» Exercise instructions
The answer must consist solely of the lines from the one containing "lululemon athletica Tops" to the end of the entries below, repeated exactly.

================

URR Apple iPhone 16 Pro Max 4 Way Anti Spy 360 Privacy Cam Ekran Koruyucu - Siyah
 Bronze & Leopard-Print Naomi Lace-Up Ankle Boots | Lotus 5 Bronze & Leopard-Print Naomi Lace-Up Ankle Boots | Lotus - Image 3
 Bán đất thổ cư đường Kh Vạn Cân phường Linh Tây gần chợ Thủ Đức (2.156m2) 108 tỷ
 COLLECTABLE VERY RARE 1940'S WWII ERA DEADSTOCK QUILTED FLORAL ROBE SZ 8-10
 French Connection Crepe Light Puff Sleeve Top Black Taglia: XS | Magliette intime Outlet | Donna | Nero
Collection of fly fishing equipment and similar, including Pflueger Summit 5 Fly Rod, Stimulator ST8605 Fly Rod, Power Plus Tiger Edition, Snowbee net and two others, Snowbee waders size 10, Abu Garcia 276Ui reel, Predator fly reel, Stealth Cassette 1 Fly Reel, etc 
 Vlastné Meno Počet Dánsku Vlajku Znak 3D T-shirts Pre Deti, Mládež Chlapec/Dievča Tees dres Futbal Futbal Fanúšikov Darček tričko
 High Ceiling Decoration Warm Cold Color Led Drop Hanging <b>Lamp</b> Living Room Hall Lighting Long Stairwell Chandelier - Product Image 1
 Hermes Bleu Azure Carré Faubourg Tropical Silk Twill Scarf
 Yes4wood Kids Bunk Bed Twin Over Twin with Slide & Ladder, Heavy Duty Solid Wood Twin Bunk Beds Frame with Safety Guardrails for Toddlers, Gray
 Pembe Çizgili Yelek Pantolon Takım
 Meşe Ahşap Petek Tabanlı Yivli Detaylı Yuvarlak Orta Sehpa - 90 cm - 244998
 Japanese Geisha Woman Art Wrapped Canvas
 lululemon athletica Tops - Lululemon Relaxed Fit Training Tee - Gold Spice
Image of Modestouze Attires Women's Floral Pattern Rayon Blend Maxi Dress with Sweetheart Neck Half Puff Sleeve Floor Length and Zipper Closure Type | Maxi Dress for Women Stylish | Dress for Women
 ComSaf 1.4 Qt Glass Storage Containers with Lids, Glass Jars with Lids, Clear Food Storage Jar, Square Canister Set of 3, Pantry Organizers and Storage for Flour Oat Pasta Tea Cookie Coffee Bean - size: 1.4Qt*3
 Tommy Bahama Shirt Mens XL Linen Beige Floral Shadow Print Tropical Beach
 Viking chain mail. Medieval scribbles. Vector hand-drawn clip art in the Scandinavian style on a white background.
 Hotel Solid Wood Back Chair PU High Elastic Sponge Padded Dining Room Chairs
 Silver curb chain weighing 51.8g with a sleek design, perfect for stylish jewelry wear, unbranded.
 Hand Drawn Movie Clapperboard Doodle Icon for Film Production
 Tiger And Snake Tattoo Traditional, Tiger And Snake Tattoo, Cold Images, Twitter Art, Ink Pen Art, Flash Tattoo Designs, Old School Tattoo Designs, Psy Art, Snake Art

================

» Answer to this task
 lululemon athletica Tops - Lululemon Relaxed Fit Training Tee - Gold Spice
Image of Modestouze Attires Women's Floral Pattern Rayon Blend Maxi Dress with Sweetheart Neck Half Puff Sleeve Floor Length and Zipper Closure Type | Maxi Dress for Women Stylish | Dress for Women
 ComSaf 1.4 Qt Glass Storage Containers with Lids, Glass Jars with Lids, Clear Food Storage Jar, Square Canister Set of 3, Pantry Organizers and Storage for Flour Oat Pasta Tea Cookie Coffee Bean - size: 1.4Qt*3
 Tommy Bahama Shirt Mens XL Linen Beige Floral Shadow Print Tropical Beach
 Viking chain mail. Medieval scribbles. Vector hand-drawn clip art in the Scandinavian style on a white background.
 Hotel Solid Wood Back Chair PU High Elastic Sponge Padded Dining Room Chairs
 Silver curb chain weighing 51.8g with a sleek design, perfect for stylish jewelry wear, unbranded.
 Hand Drawn Movie Clapperboard Doodle Icon for Film Production
 Tiger And Snake Tattoo Traditional, Tiger And Snake Tattoo, Cold Images, Twitter Art, Ink Pen Art, Flash Tattoo Designs, Old School Tattoo Designs, Psy Art, Snake Art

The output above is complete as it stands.